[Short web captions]
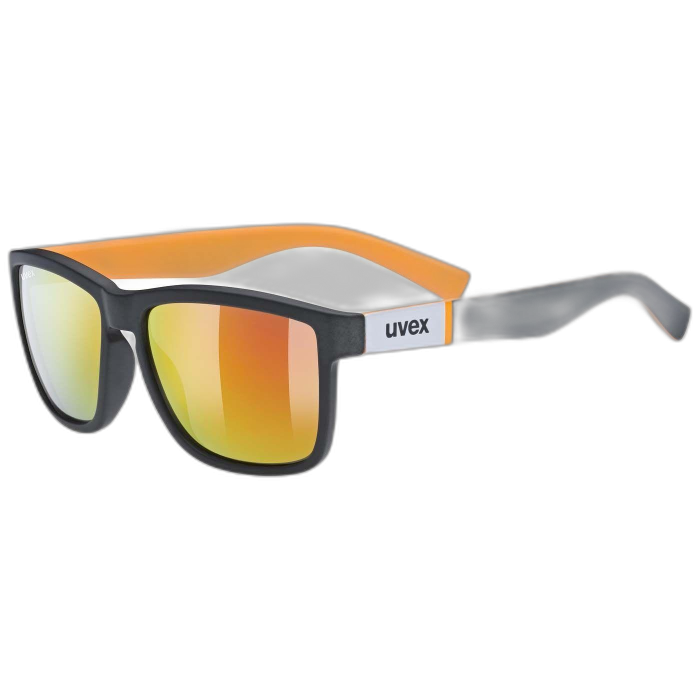 Okulary UVEX LGL 39 / 5616 grey orange slv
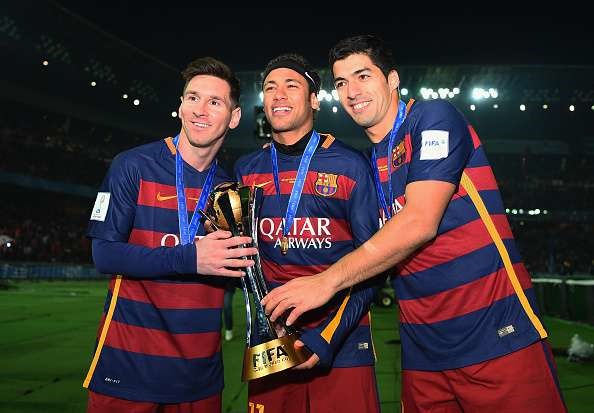 Cầu thủ ghi bàn nhiều nhất tại FIFA Club World Cup: Messi đã 3 lần cùng Barca nâng cao danh hiệu vô địch thế giới các câu lạc bộ vào năm 2009, 2011 và 2015. Anh cùng 2 đồng nghiệp Luis Suarez và Cesar Delgado (Monterrey) là những chân sút tốt nhất lịch sử giải đấu với 5 bàn thắng.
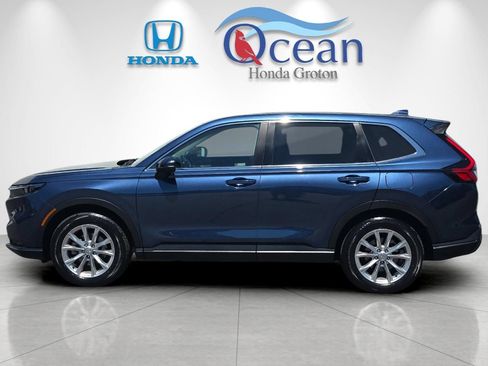 Used 2024 Honda CR-V EX-L image 6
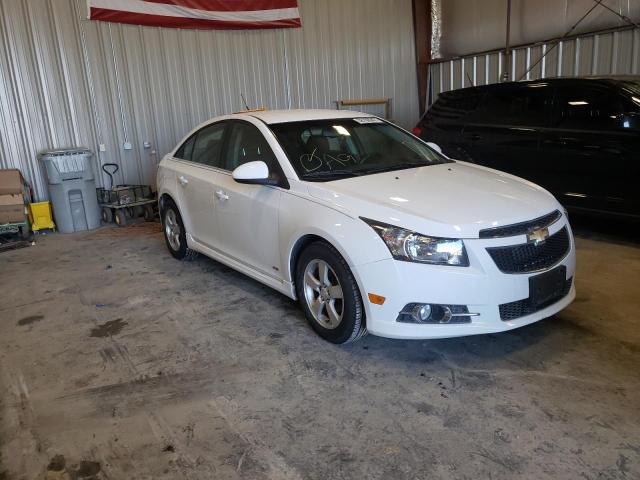 CHEVROLET CRUZE LT 2014 1g1pc5sbxe7304090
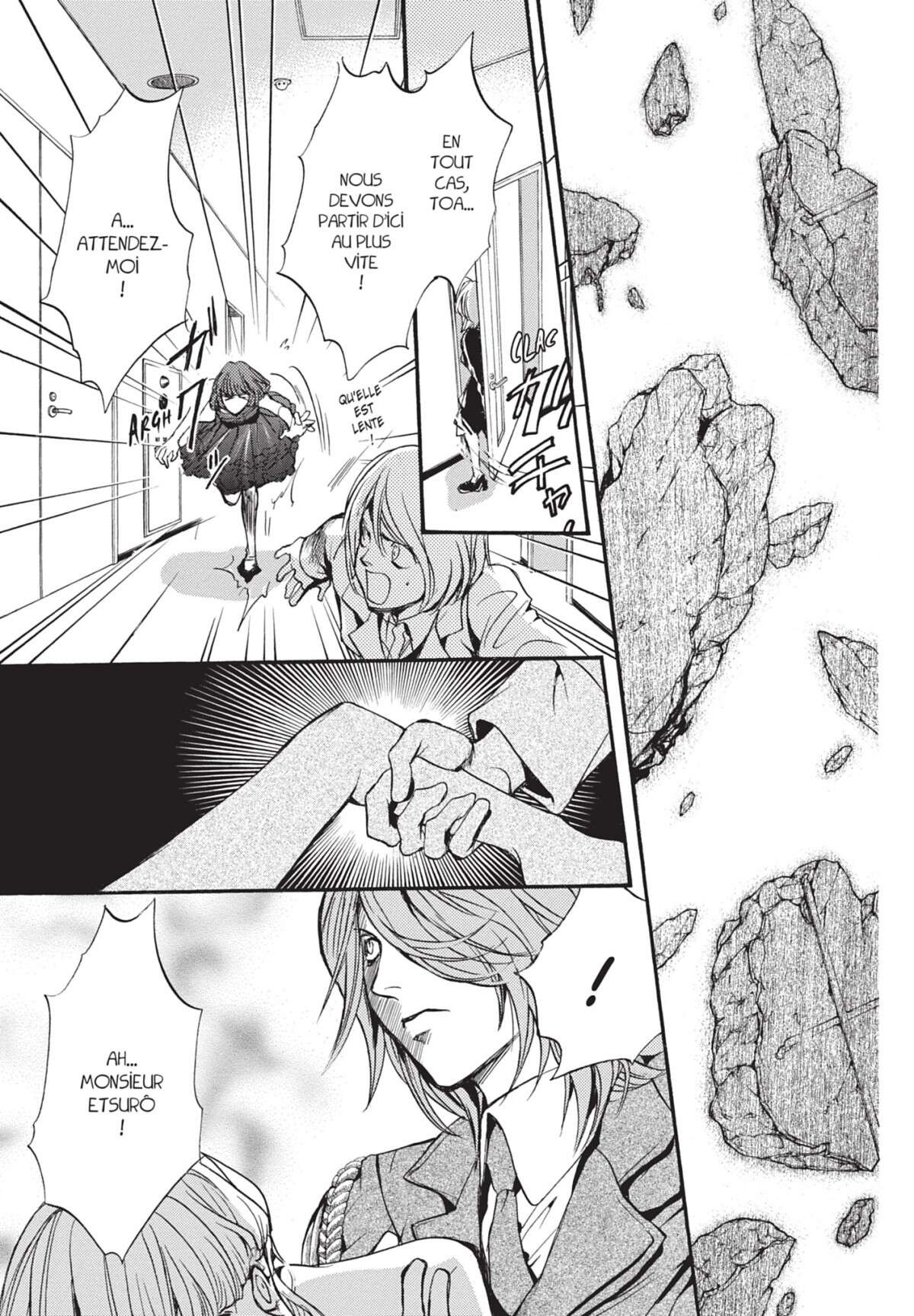 Devil’s Lost Soul Volume 3 page 90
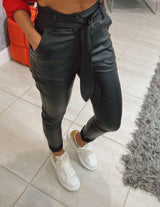 3552 Leather pants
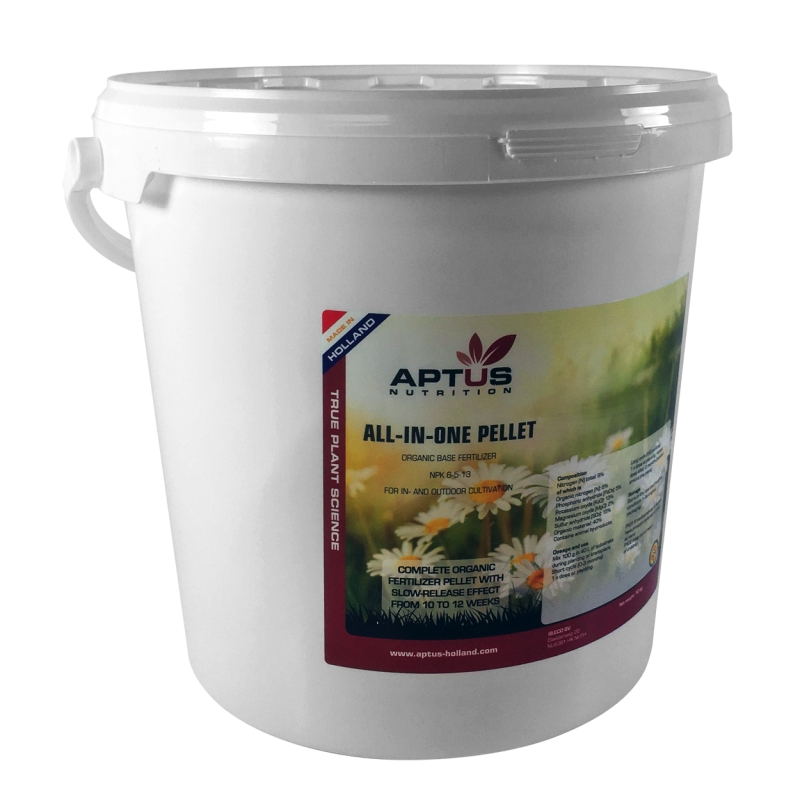 ALL-IN-ONE PELLET 10 KG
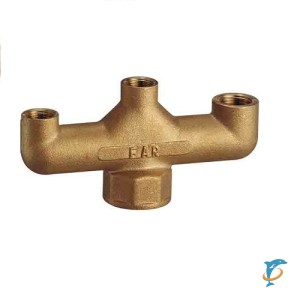 Группа безопасности котла FAR 1'' FA21141 латунный корпус  (FA 2114 1)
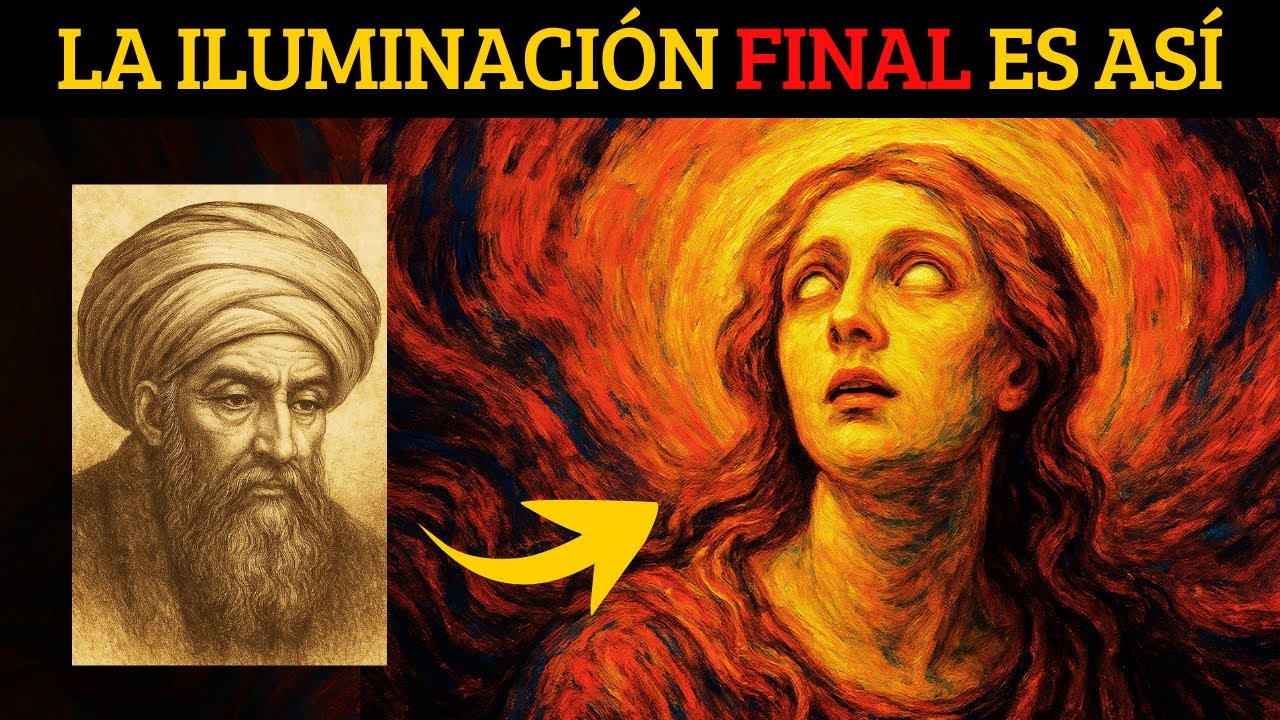 TÚ SOLO VERÁS ESTE VIDEO SI TU ALMA ESTÁ LISTA PARA ALCANZAR LA ILUMINACIÓN FINAL | RUMI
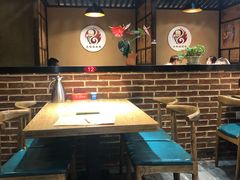大堂-大哈福烧烤·海鲜·家常菜(延安三路店)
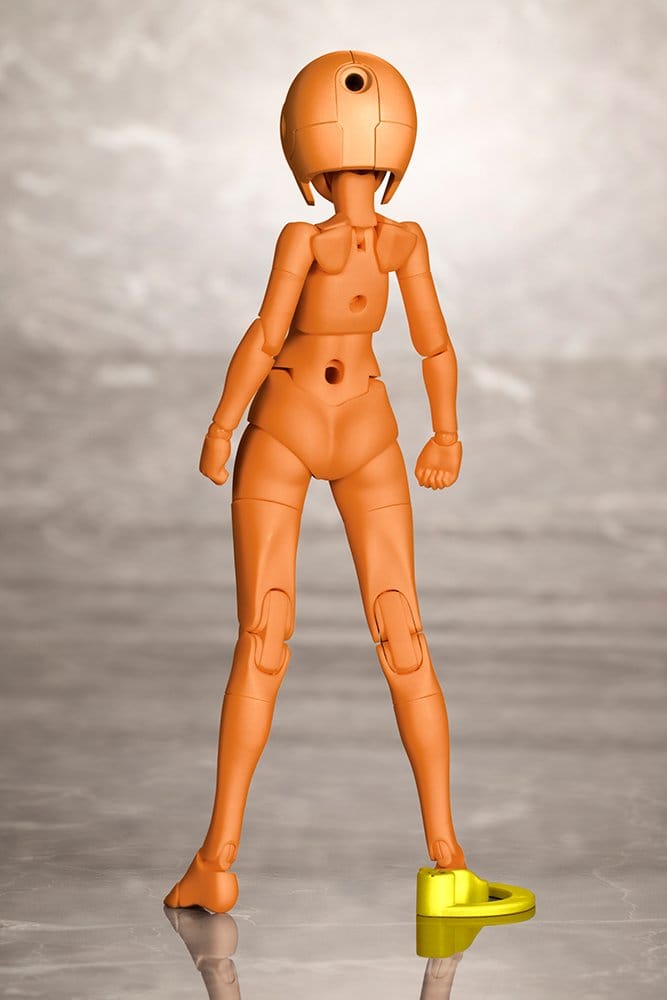 Megami Device figurine Plastic Model Kit 1/1 B1R-M Chassis Kit Skin Color E 16 cm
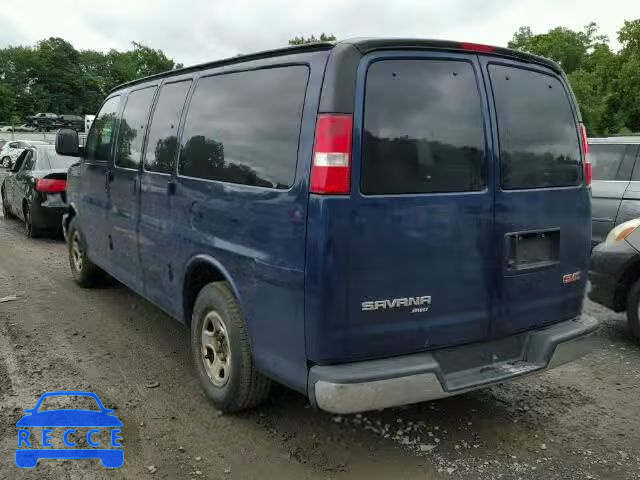 2004 GMC SAVANA G15 1GKFH15T341187704 image 2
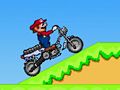 Гра Super Mario Moto  онлайн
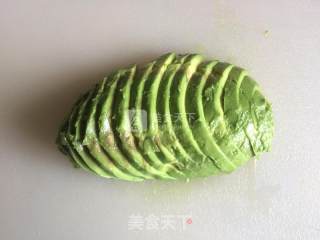 温泉蛋吐司的做法步骤：2
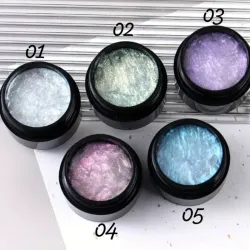 11-08. Gel Sólido Aurora (5ml) 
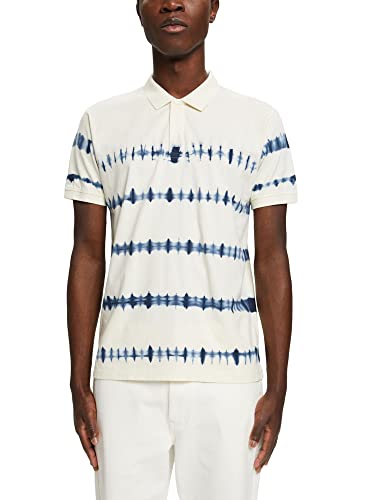 ESPRIT Męska koszula polo, 057/ICE 3, XL, 057/Ice 3, XL
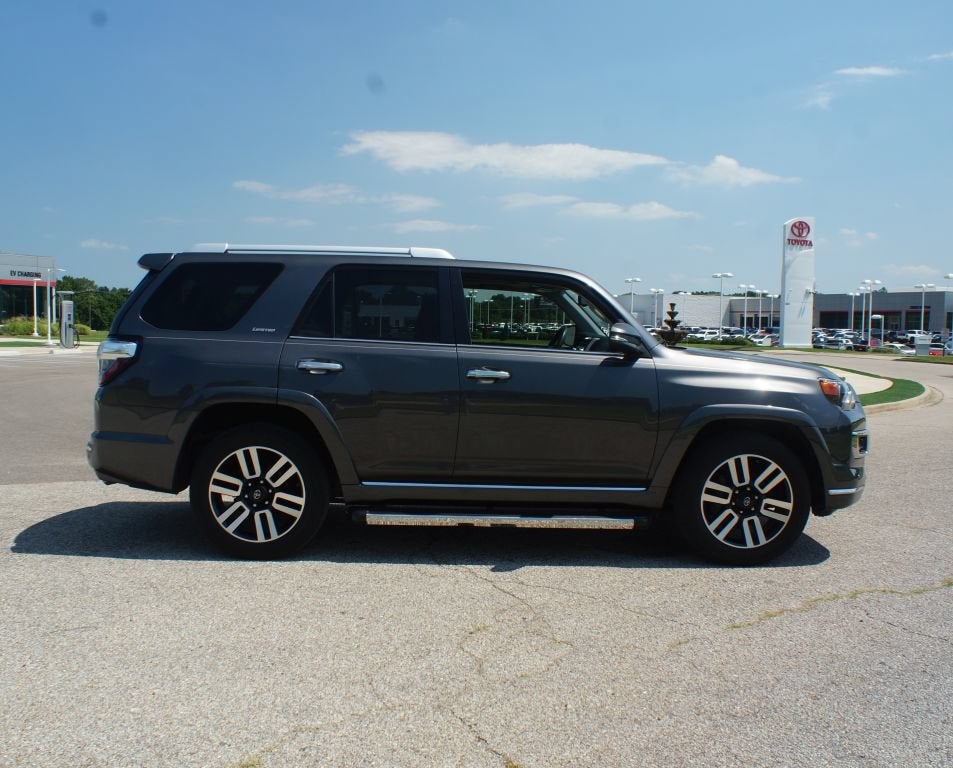 2019 Toyota 4Runner Limited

#### ACTION ITEM
Using the records above, reproduce exactly the lines from the line containing "11-08. Gel Sólido Aurora (5ml)" through the last line, with both ends kept and no pictures.

#### ANSWER BOX
 11-08. Gel Sólido Aurora (5ml) 
 ESPRIT Męska koszula polo, 057/ICE 3, XL, 057/Ice 3, XL
 2019 Toyota 4Runner Limited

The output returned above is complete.